One consequence could be to establish the boundaries of quantum mechanics, which says particles can suddenly jump from one place to another without traversing the space in between. Penrose's intuition, although he has no proof, is that these effects may apply not just to atoms but also to objects as big as brain cells. An act of creative thinking, he argues, could be the outward manifestation of neurons making quantum jumps from one energy state to another. Since computers do not operate by quantum rules, he says, they will never have insights.

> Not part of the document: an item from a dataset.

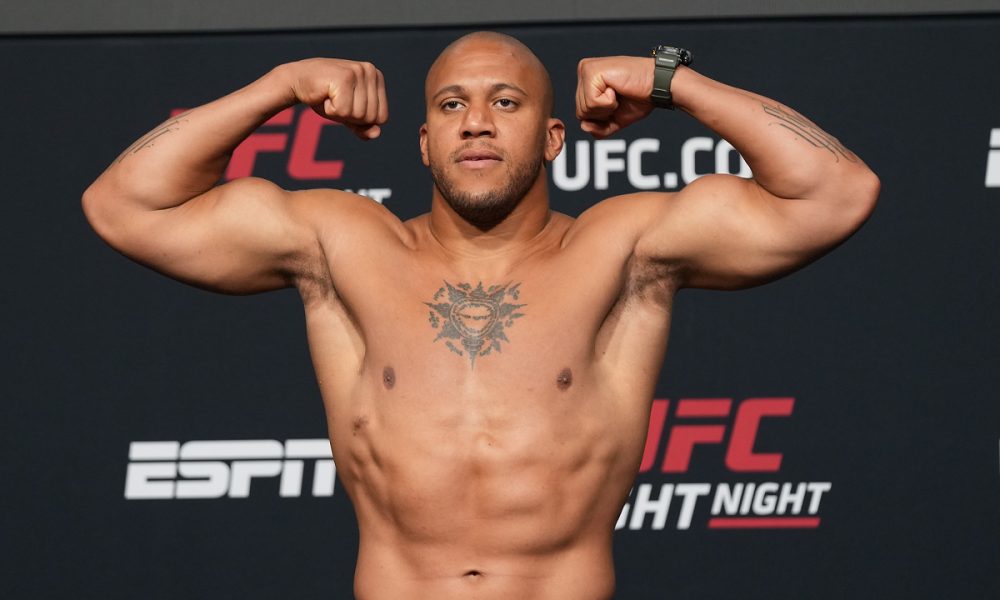 Treinador de Francis Ngannou rasga elogios a Ciryl Gane: “É a evolução do esporte”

Moreover, he believes, quantum gravity could be behind consciousness itself. The argument is tricky, but one reason for this belief is that consciousness carries with it a peculiarity that baffles physics: humans perceive time as moving forward rather than backward. But virtually all the laws of physics are time symmetric -- they work equally well in forward or in reverse -- and the mind presumably operates by physical laws.

Penrose's answer is that when quantum gravity is finally constructed, it will prove to be time asymmetric -- that is, it will not work in reverse. Why? Because the Big Bang that started the universe must, at its earliest moments, have been governed by quantum gravity. And the Big Bang was surely a time- asymmetric phenomenon that could not happen in reverse. If quantum gravity winds up being the theory governing the mind, that will also explain why time moves forward, not backward.

In short, Penrose believes human creativity and consciousness are nothing less than the perceptible workings of the most basic laws of the universe. It is a bolder position than other physicists are prepared to take, but Penrose likes to be different. Says he: "Worrying about things that no one else worries about is where insights come from."